__PROBLEM DETAILS__. Print the listing below exactly, images excluded.

__GIVEN ENTRIES__.
******

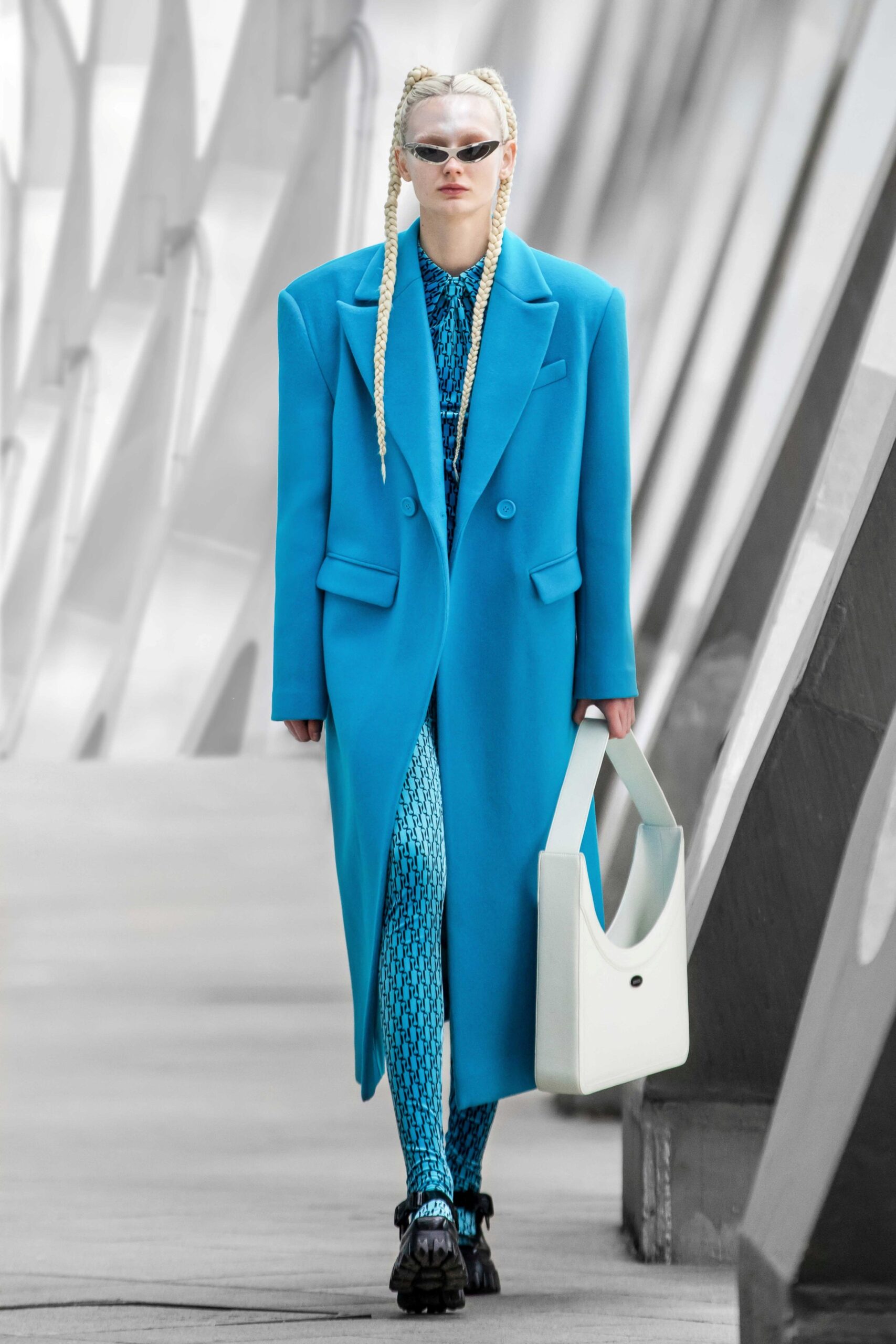 blue oversized coat with jumpsuit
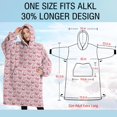 thumbnail image 4 of Oversized Wearable Blanket Hoodie,Light Pink Butterfly Pattern Sherpa Blanket Hoodie with Super Pockets,Super Warm Fuzzy Pullover for Women & Men, 4 of 6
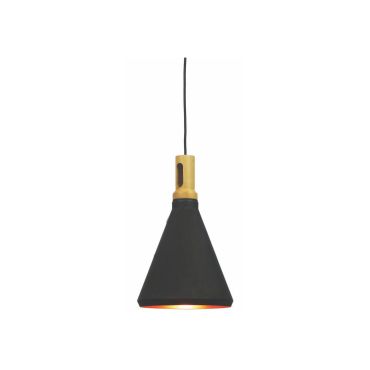 Artdelight Cornet - hanglamp - Ø 26 x 176 cm - zwart en goud
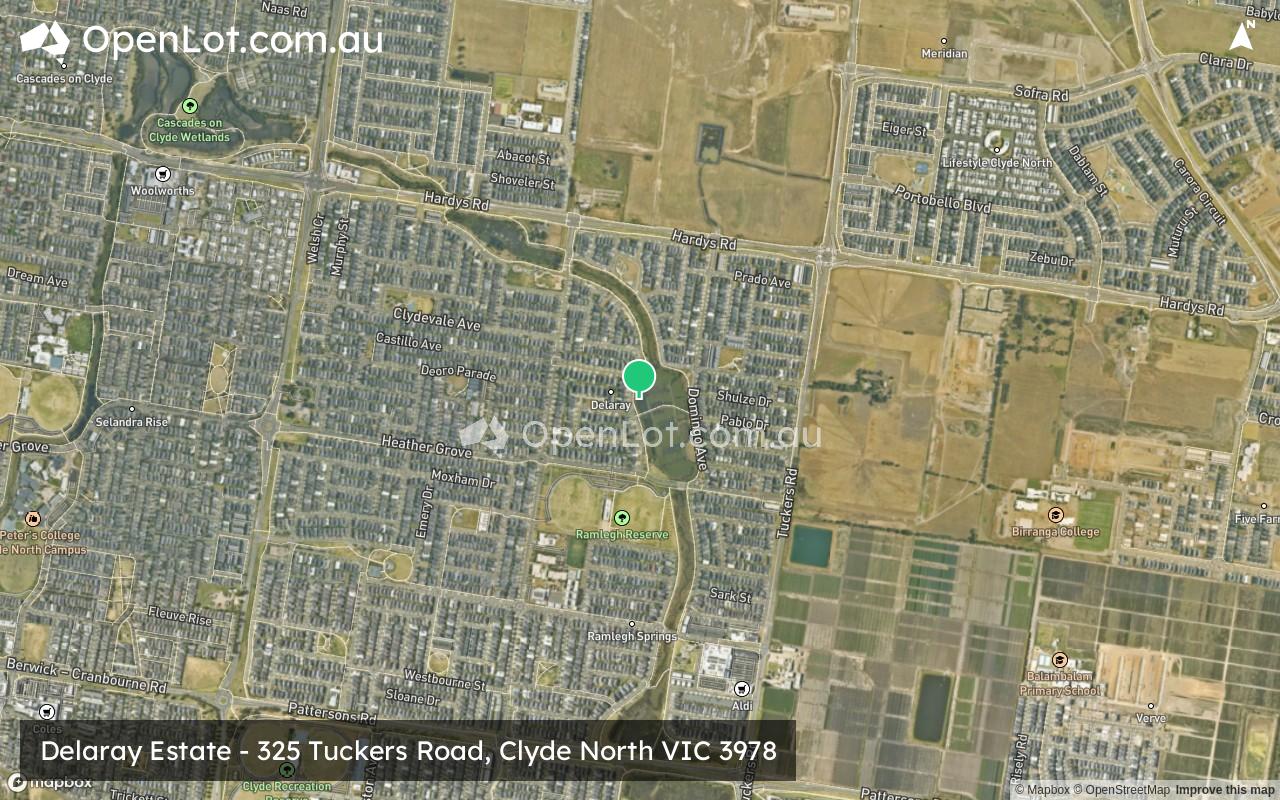Satellite image for Delaray Estate - 325 Tuckers Road, Clyde North VIC 3978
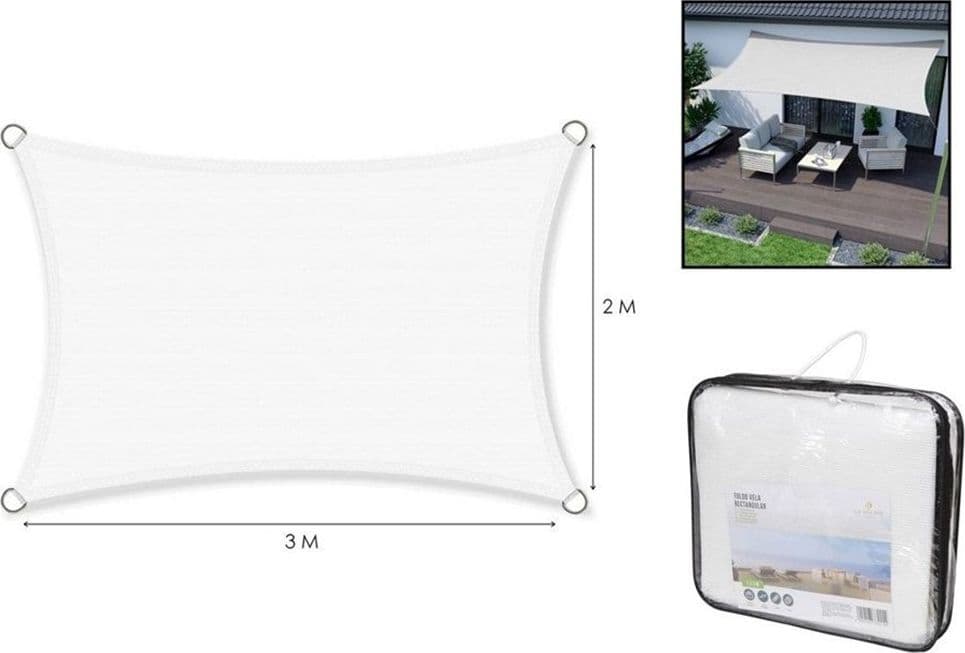 VELA TENDA RETTANGOLARE PARASOLE PROTEZIONE SOLE OMBRA GIARDINO 2X3MT BIANCA 017034 in Vele parasole Trade Shop italia - Napoli, commercioVirtuoso.it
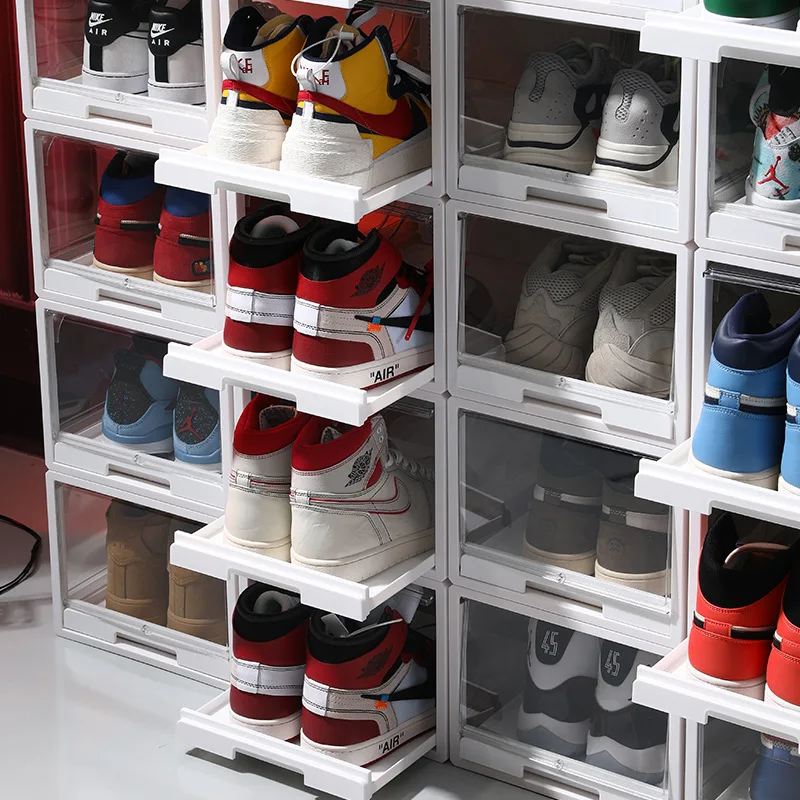 Clear Drop Front Stackable Shoe Magnets Sneaker Shoes Storage Drawer Box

******

__REPLY__.
 blue oversized coat with jumpsuit
 thumbnail image 4 of Oversized Wearable Blanket Hoodie,Light Pink Butterfly Pattern Sherpa Blanket Hoodie with Super Pockets,Super Warm Fuzzy Pullover for Women & Men, 4 of 6
 Artdelight Cornet - hanglamp - Ø 26 x 176 cm - zwart en goud
Satellite image for Delaray Estate - 325 Tuckers Road, Clyde North VIC 3978
 VELA TENDA RETTANGOLARE PARASOLE PROTEZIONE SOLE OMBRA GIARDINO 2X3MT BIANCA 017034 in Vele parasole Trade Shop italia - Napoli, commercioVirtuoso.it
 Clear Drop Front Stackable Shoe Magnets Sneaker Shoes Storage Drawer Box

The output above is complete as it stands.